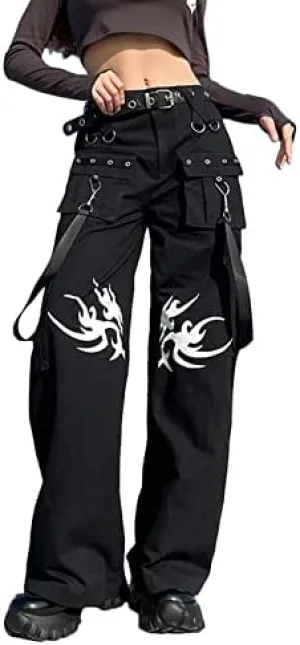 Women Gothic Cargo Jeans Wide Leg Punk Grunge Baggy Denim Pants Loose Trousers Harajuku 90s Streetwear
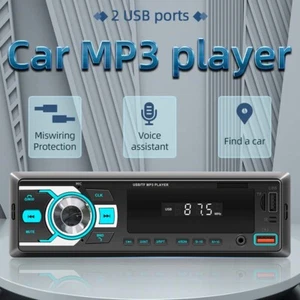 1 Din In-Dash Car Radio Stereo USB/FM/TF Digital Play MP3 Player Voice assistant - Picture 1 of 13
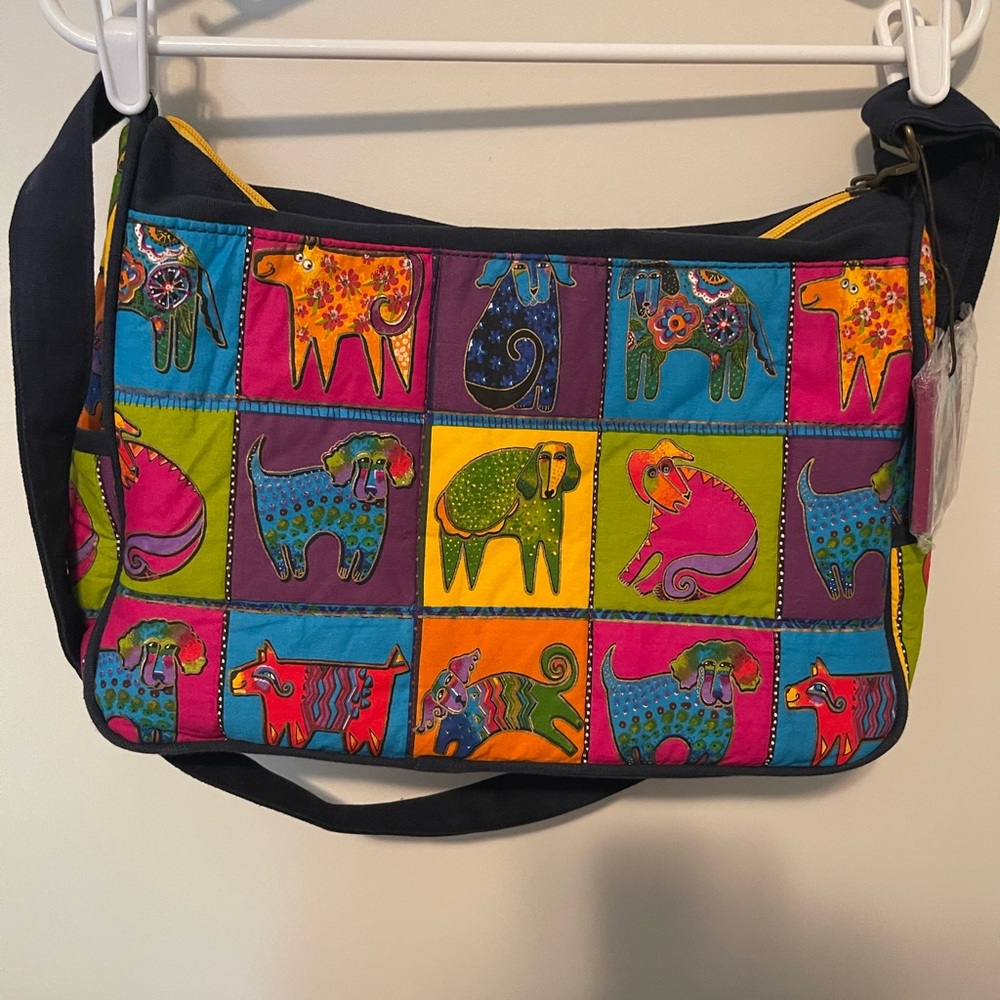 NWT Laurel Burch Colorful Patchwork Dog Print Shoulder Bag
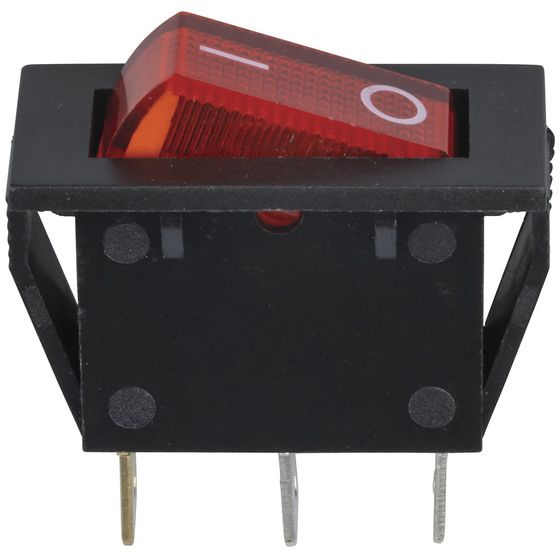 SPST Illuminated Red Rocker Switch | 240VAC 15A | Jaycar SK0978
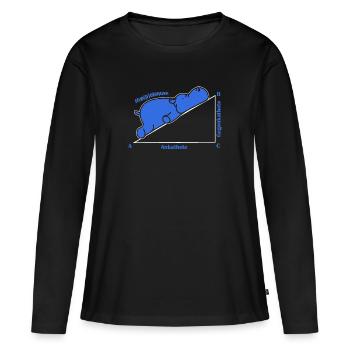 Hippopotame hypoténuse opposé adjacent - T-shirt manches longues Premium bio Femme - noir - Devant - Julia (174cm)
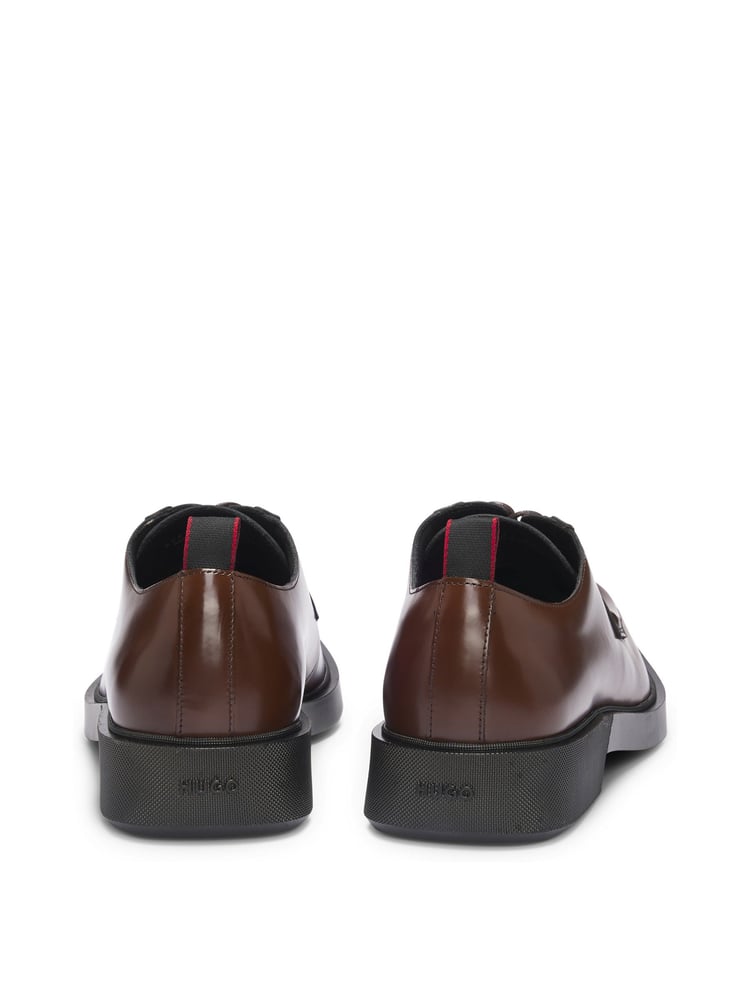 HUGO Brown Piping Detail Derby Shoes In Leather - Image 2 of 4 HUGO Brown Piping Detail Derby Shoes In Leather - Image 2 of 4
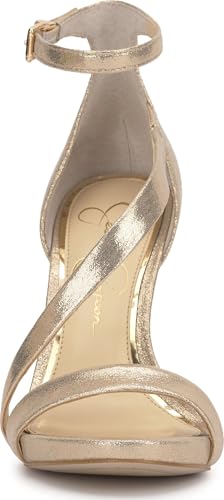Jessica Simpson Women's Rayli Heeled Sandal, Champagne, 7.52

• WHAT TO WORK ON:
Reproduce every entry above in full and exactly, though not its pictures.

• WRITTEN RESPONSE:
 Women Gothic Cargo Jeans Wide Leg Punk Grunge Baggy Denim Pants Loose Trousers Harajuku 90s Streetwear
 1 Din In-Dash Car Radio Stereo USB/FM/TF Digital Play MP3 Player Voice assistant - Picture 1 of 13
 NWT Laurel Burch Colorful Patchwork Dog Print Shoulder Bag
 SPST Illuminated Red Rocker Switch | 240VAC 15A | Jaycar SK0978
 Hippopotame hypoténuse opposé adjacent - T-shirt manches longues Premium bio Femme - noir - Devant - Julia (174cm)
 HUGO Brown Piping Detail Derby Shoes In Leather - Image 2 of 4 HUGO Brown Piping Detail Derby Shoes In Leather - Image 2 of 4
Jessica Simpson Women's Rayli Heeled Sandal, Champagne, 7.52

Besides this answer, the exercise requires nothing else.